Mobile and enterprise can learn from each other
It’s clear that mobile continues to attract a significant portion of the emerging talent pool, perhaps wooing them away from more traditional enterprise development roles. Trisha Gee, Developer Advocate at Jetbrains, explained why some programmers are particularly drawn to the mobile space. “It’s true that developing in mobile can be frustrating. For example, it can be difficult to do emulator unit testing and you can’t use Java 8 features. But it’s also cool to get rapid feedback on an app coming to life.”

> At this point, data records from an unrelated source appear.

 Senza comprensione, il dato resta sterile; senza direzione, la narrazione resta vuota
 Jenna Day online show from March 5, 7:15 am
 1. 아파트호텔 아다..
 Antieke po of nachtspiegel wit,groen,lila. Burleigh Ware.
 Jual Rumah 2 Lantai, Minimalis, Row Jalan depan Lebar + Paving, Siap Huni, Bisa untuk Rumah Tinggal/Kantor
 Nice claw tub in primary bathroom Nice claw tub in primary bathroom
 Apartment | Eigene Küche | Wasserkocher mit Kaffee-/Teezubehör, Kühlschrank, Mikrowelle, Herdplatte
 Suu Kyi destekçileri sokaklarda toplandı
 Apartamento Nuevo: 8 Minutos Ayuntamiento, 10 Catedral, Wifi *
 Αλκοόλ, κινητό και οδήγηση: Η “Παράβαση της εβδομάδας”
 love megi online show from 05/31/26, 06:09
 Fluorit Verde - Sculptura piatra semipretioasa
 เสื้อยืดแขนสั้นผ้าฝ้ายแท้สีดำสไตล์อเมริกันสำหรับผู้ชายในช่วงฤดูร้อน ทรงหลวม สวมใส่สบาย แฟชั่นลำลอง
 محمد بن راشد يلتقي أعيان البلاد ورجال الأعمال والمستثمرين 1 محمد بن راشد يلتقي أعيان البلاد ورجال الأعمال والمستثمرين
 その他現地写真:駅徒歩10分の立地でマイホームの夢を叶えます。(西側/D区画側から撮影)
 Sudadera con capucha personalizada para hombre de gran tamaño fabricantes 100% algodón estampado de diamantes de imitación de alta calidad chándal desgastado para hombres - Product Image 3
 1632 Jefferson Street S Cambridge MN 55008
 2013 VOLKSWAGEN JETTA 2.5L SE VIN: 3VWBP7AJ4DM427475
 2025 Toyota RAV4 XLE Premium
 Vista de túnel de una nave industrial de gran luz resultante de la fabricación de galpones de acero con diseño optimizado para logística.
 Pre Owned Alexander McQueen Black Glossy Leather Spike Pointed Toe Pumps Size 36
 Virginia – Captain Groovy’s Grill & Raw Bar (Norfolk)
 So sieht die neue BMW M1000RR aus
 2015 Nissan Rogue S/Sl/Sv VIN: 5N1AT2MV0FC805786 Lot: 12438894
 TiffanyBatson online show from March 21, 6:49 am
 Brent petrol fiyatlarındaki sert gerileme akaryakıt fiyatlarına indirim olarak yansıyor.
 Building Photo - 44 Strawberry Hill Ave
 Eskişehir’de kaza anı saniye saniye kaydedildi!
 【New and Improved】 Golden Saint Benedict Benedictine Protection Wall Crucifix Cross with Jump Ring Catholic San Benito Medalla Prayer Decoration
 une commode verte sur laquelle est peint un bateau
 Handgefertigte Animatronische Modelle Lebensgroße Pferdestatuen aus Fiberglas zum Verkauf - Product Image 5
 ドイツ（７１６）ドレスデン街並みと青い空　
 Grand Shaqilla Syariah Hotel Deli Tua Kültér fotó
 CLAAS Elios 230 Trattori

Gee acknowledged that the enterprise is still ahead of mobile in some best practices including Agile, pair programming and overall craftsmanship. “These things are coming late to the Android community. However, there tend to be more individuals with that hip young thinking that the Java community generally hasn’t had. Mobile app developers are producing things that people use. That’s more exciting than creating an app that turns XMLl to JSON and vice versa. Enterprise development doesn’t typically offer the same gratification as mobile.” It will be interesting to see what mobile looks like when Java 8 and soon to be released Java 9 are finally supported. Even more interesting will be the ways enterprise development may evolve to attract younger innovators into the space to drive value for business.
What’s next for innovation in mobile?
Meanwhile, the Mobile Innovation Summit, which will be hosted in New York for 2017, is abuzz with many ideas that make it clear that the mobile space is still evolving. Topics for the upcoming summit will include real-time communication, UX, app execution, rebuilding native, and mobile e-commerce. There does seem to be a decided shift toward refining existing concepts rather than coming up with entirely new concepts. This leaves the field open for the next big idea.
Arun Gupta, VP of Developer Relations at Couchbase, offered his opinion on what this might be. “I would say with Android and iOS right now, there’s not a lot of innovation happening.” Instead, Gupta sees the new frontier as P2P and D2D development where the traditional network is cut out of the loop and devices speak directly to each other. “The fun stuff is figuring out how to integrate your deployment variables, your edge devices, and actually derive meaningful information from it.” From processing data locally to sharing information offline with ultra-low latency, the future of mobile development may be more device-centric than ever.